Intel i432
Intel's iAXP-432 MicroMainframe (often known as a "mainframe on a chip") was a four-core, 32-bit microprocessor released in 1981. It had on-chip support for handling the data structures common to object-oriented programming and multitasking, allowing modern operating systems to be implemented on it with far less code -- the CPU would instead do much of the work internally. However the design was deathly slow and very expensive, and Intel's plans to replace the x86 architecture with the 432 ended miserably.
The 432 project started in 1975 as the 8800, so named as a follow-on to the existing 8008 and 8080 CPUs. The design was to consist of several separate chips working in parallel, notably the 2-chip GDP which was the main processor, and the IP (the 43203) which operated as a channel controller for I/O. It was a 32-bit design from the start. The three-chip system used about 250,000 logic gates, making it one of the largest designs of its era; the contemporary Motorola 68000 contained about 68,000 for instance, about 1/3rd of that for its microcode.
The GDP was split in two, one chip (the 43201) handling the fetching and decoding of the instructions, the other (the 43202) executing them. Like most Intel CPU designs, the 432 used a segmented memory system, with 2^24 segments of 64k each within the overall 2^32 byte address space. All memory handling was private, with user programs not able to handle memory directly. The chip supported data hiding directly, checking all memory accesses for type and permissions, thereby slowing memory access considerably. Most of this complexity was handled in microcode.

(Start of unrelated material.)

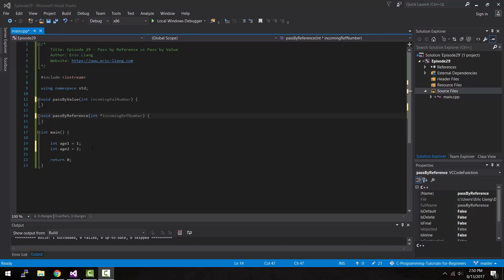Hey, what is up guys? My name is Eric and in today's episode, we're going to be covering the topic of pass by value and pass by reference using functions and pointers in C++. Let's do this.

In 1983 Intel also released the MCU memory controller, as well as the BIU bus controller. The BIU was intended to allow for multi-processor systems with up to 63 nodes.
Several design features of the i432 conspired to make it much slower than it could have been. The two-chip implementation of the GDP limited it to the speed of the motherboard's electical wiring, although this is a minor issue. The lack of reasonable caches and registers was considerably more serious. The instruction set also hindered performance by using bit-aligned variable-length instructions, making instruction decoding complex. In addition the BIU was designed to support fault-tolerant systems, and in doing so added considerable overhead to the bus, with up to 40% of the bus time in wait states.
Post-project research suggested that the biggest problem was in the compiler however, which used high-cost "general" instructions in every case, instead of high-performance simpler ones where it would have made sense. For instance the i432 included a very expensive inter-module procedure call instruction, which the compiler used for all calls. However this call was also very expensive, and the much faster branch and link instructions were ignored. Another very slow call was enter_environment, which set up the memory protection. The compiler ran this for every single variable in the system, even though the vast majority were running inside an existing environment and didn't have to be checked. To make matters worse it always passed data to and from procedures by value rather than by reference, requiring huge memory copies in many cases.
Sadly the market appears to have taken away the wrong lesson from the i432 failure. Generally the market has concluded that object support in the chip leads to a complex design that will invariably run slowly. However it appears that the OO support was not the problem at all, the problems were much more general and would have made any chip design slow. Since the i432 no one has attempted a similar design, although the INMOS Transputer's process support was similar -- and very fast.
A new implementation based on a RISC core was built in an Intel/Siemens project, resulting in the 960 MC used in the BiiN project. The 960 MC's core was used by Intel to create the i960 RISC CPU, by dropping much of the i432 support from the design. Although the 960 MC design predates it, the i960 was released first due to the considerably lower complexity.